There's a new technology being played with by developers all around the world right now, and if you've been paying attention to the Desktop gaming world you've probably heard the world Vulkan tossed around recently. Folks excited about Vulkan aren't talking about Spock, but are actually excited about a new set of APIs with the lofty goal of making it possible to build a single game for multiple platforms and have that game outperform the current industry standard by leaps and bounds.

Here's what you need to know about Vulkan, and why you're going to be hearing a lot more about this over the next year.

You probably don't know it, but most of the games you play on your phone rely on a system that was built for a much older kind of computing in order to deliver you the experiences you have today. OpenGL ES has been considered an industry standard for a long time now, but it was built for a time when single-core processors ruled the computing world and to this day doesn't do enough to take advantage of multi-core processors. In a world where desktop and mobile processors are being released with four, six, and even eight cores on a regular basis, this causes a massive performance gap that needs to be addressed.

Basically, Vulkan means better gaming experiences and higher quality games are on the way to Android.

Vulkan is an open source framework aimed at multi-threading in a way that OpenGL ES simply isn't capable of. It gives developers the tools to make their games more efficient by allowing the game better use of the processor, and is designed in such a way that it can be used for computing and rendering alike. It's largely based on APIs originally conceived by AMD called Mantle, but have since been expanded and improved by the Khronos Group which changed the name to Vulkan in the process.

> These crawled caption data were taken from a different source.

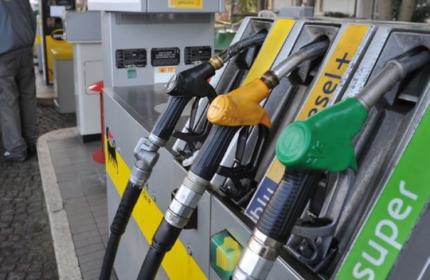 Prorogato fino al 2 agosto il taglio governativo di 30 centesimi sul carburante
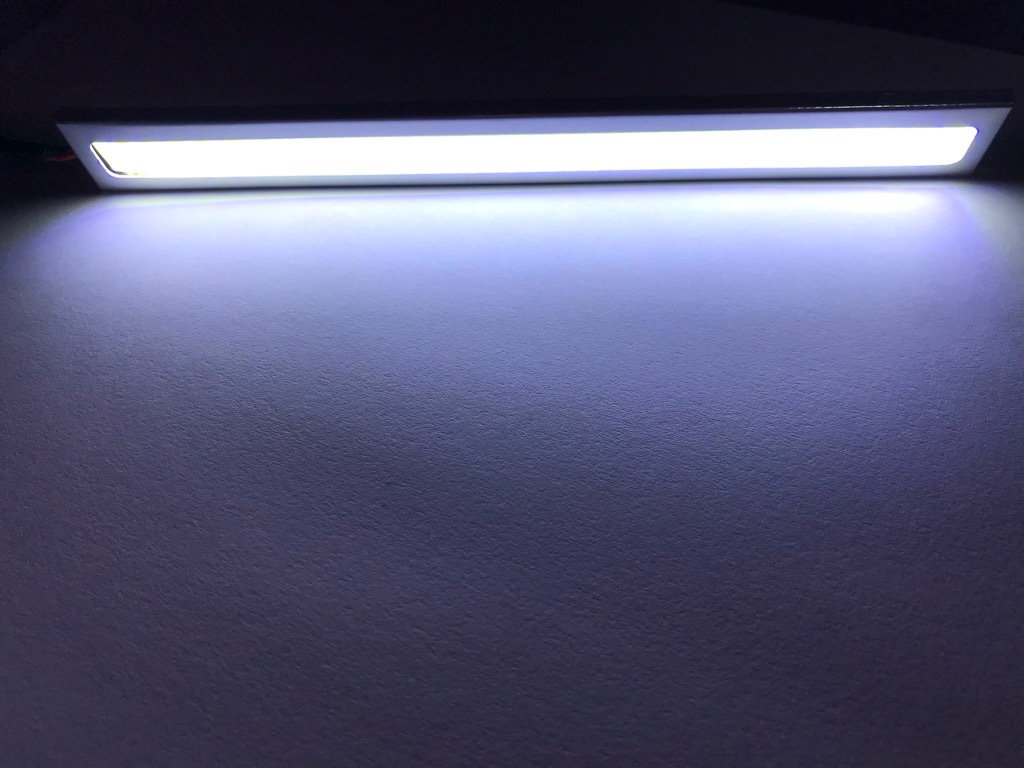 LED デイライト バーライト ホワイト DC12V 10W 薄さ4ミリ 長さ14cm 完全防水 全面発光パネル COB 2本セット 銀枠の画像2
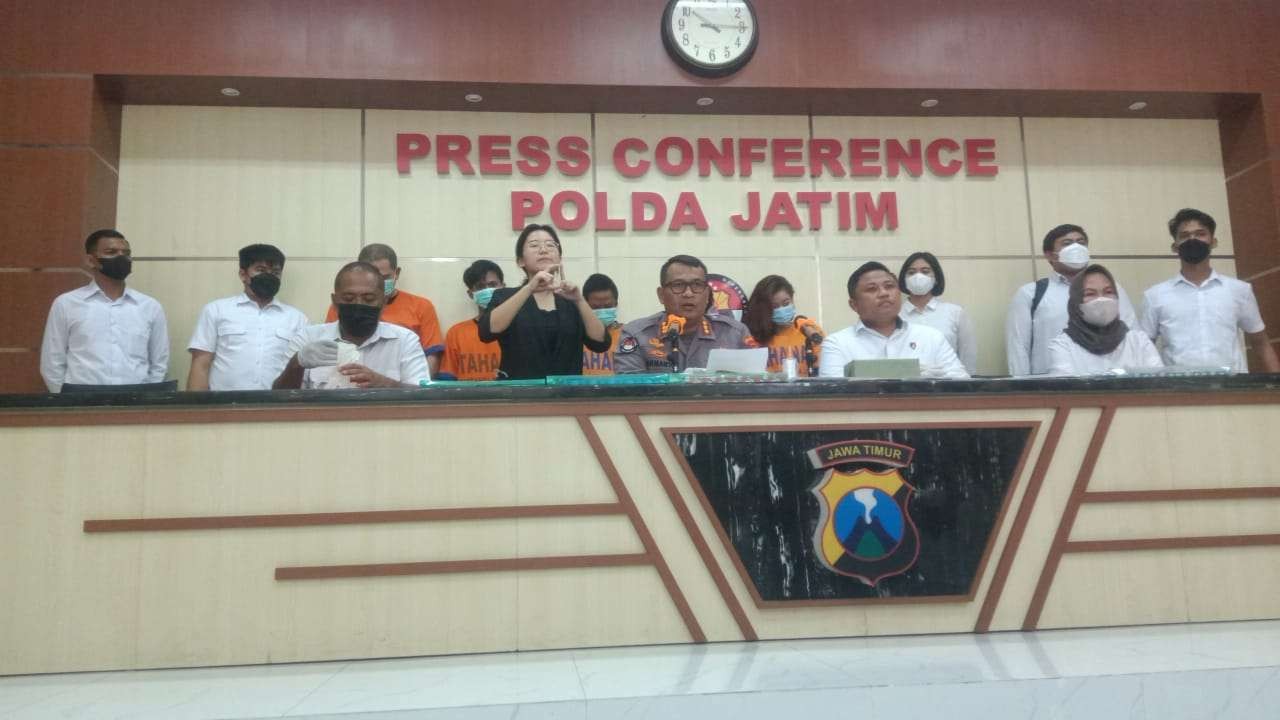 Kabid Humas Polda Jatim, Kombes Pol Dirmanto (tengah) saat menyampaikan penjelasan terkait praktik perdagangan orang di Pasuruan, Senin 21 November 2022. (Foto: Fariz Yarbo/Ngopibareng.id)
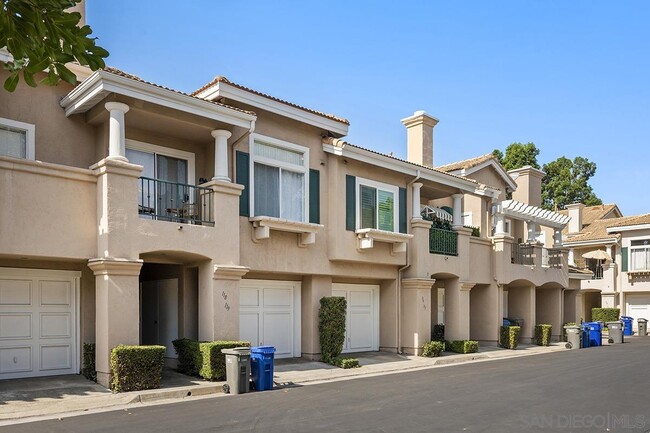 Foto del edificio - 7274 Shoreline Dr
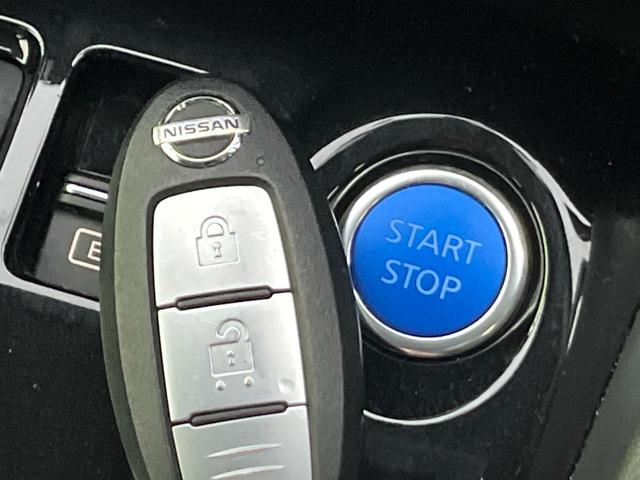 キックス Ｘ　純正９型ナビ　全周囲カメラ　衝突軽減　プロパイロット　２トーンルーフ　コーナーセンサー　ＬＥＤヘッド　オートハイビーム　デジタルインナーミラー　ＥＴＣ　車線逸脱警報　革巻きステアリング　スマートキー（51枚目）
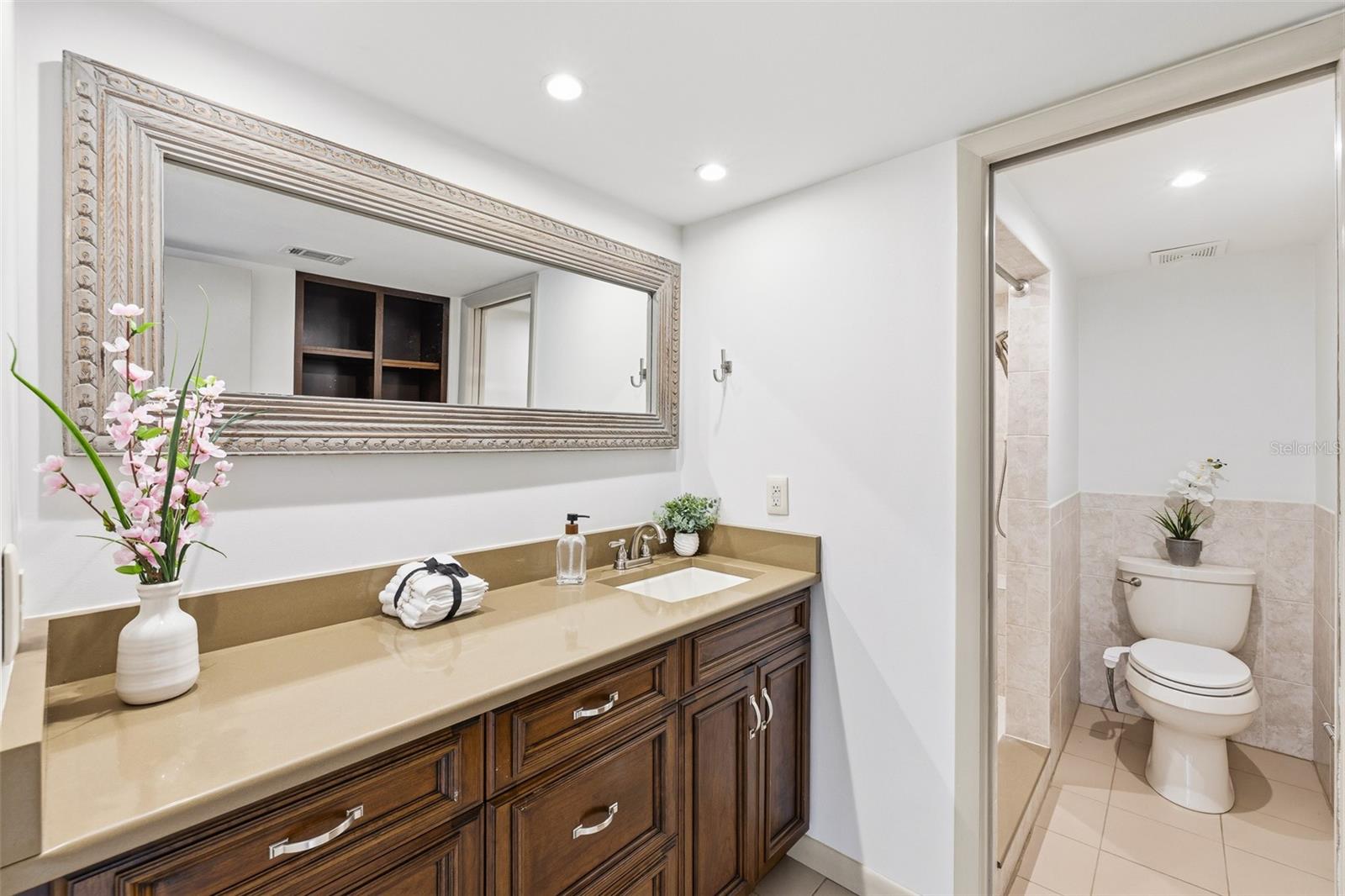 CARROLLWOOD VILLAGE TWINLAKES - Residential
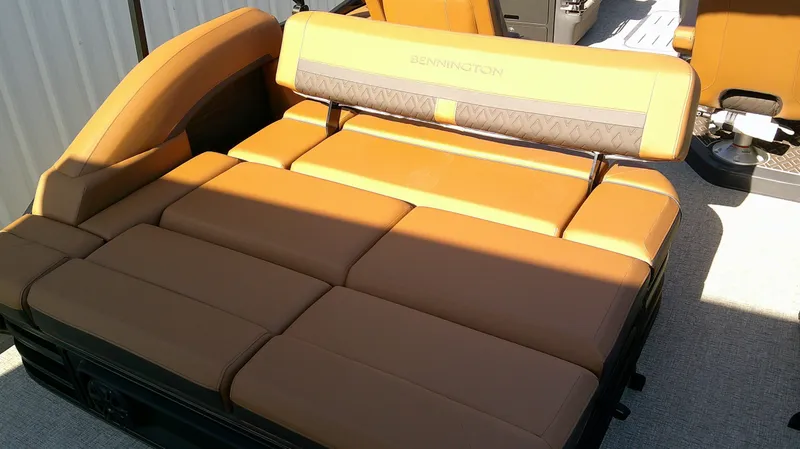 Slide: The Image of Bennington M 26 boat seating, luxurious design, 2026 model. - 15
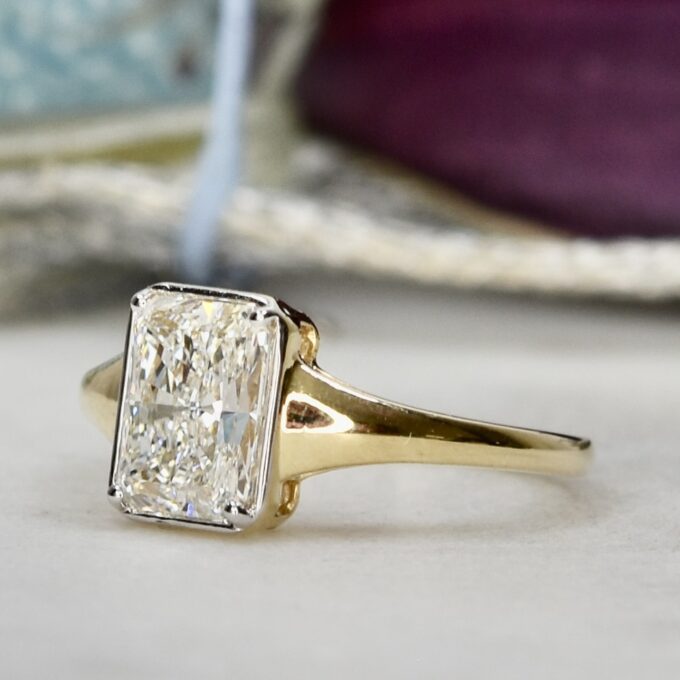 Lab Grown 2ct Radiant Diamond Solitaire in 14ct Yellow Gold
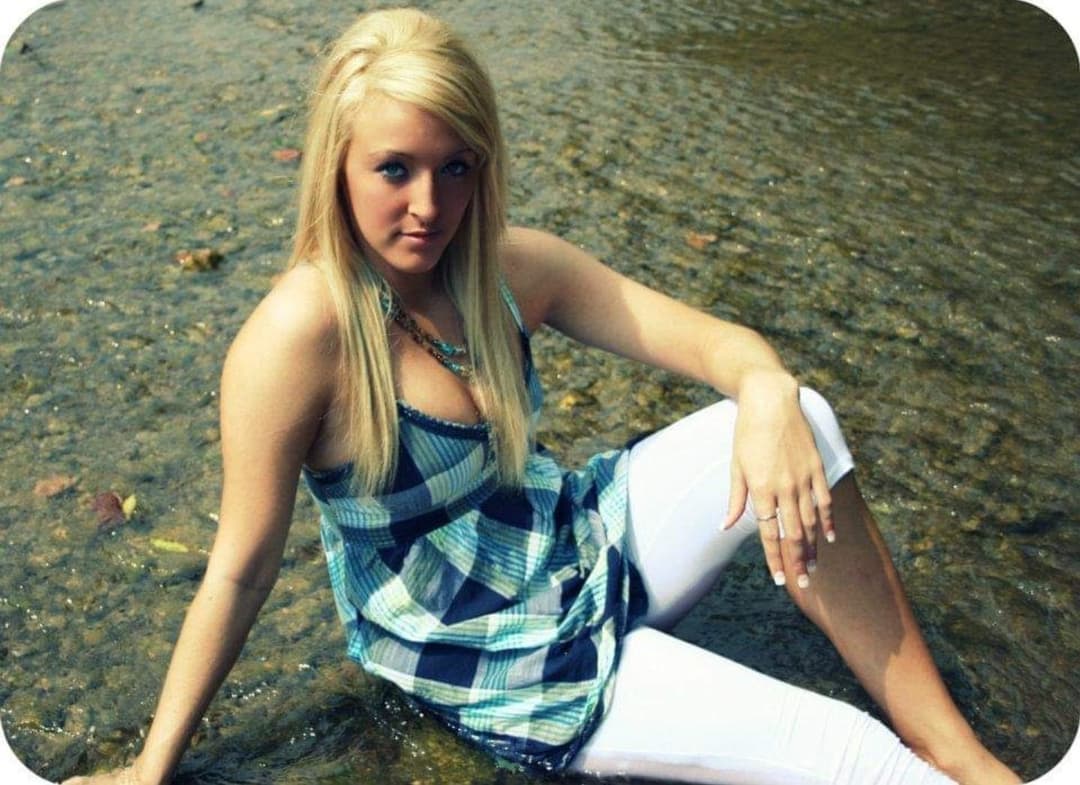 Anissa 18yo. Comment, repost, or message me.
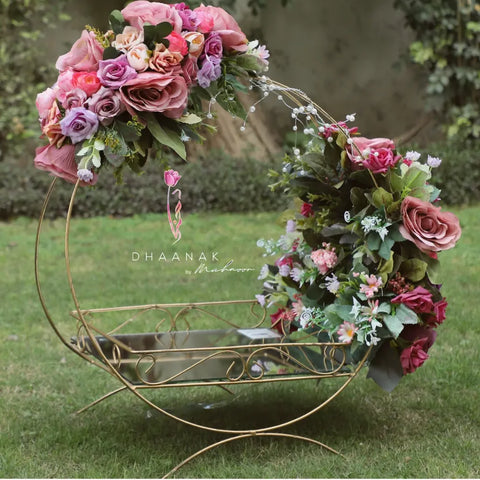 Rosy Gift Carriage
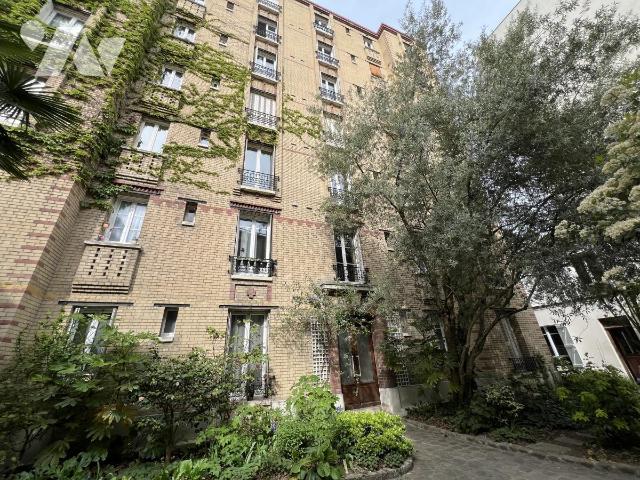 Appartement 4 pièces 70 m² · à Paris 14e Arrondissement · 69,6 m² · 512 000 €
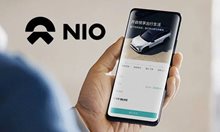 Nio разработи собствен смартфон за паркиране и видеоразговори в колата (видео)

Version 1.0 of Vulkan was released recently for Windows, Linux, and Android. On Android, where single-core performance is already not spectacular, this is a really big deal. Offering developers a way to better utilize the processor on an Android phone or tablet means the same game would consume significantly less power to deliver the same results. It also means developers can ramp up to better graphics, more challenging game environments, and a better overall game experience on our existing processors.

Vulkan members

As is often the case with new technologies like this, Vulkan is going to take a while to be available to everyone. NVIDIA has already released developer builds for their current-generation Android tablets and consoles, but that's a very small corner of Android for now. If you take a look at the list of members for the company supporting Vulkan, the Khronos Group, you'll see that the rest of Android is not likely to be far behind in supporting this technology. Google, Samsung, Sony, Qualcomm, Huawei, and several other big names are on a list of dozens currently contributing to Vulkan. It's likely we won't see anything from Google about Vulkan natively in Android until the next big version release, but there's a better than good chance we'll see more about Vulkan and Android before that happens.

Basically, Vulkan means better gaming experiences and higher quality games are on the way to Android. It's a great step forward, but it's also the kind of thing that is likely to take a while for everyone to fully enjoy. Before long it's likely we'll see developers showing off what they've accomplished with Vulkan, and that's when things will get really exciting.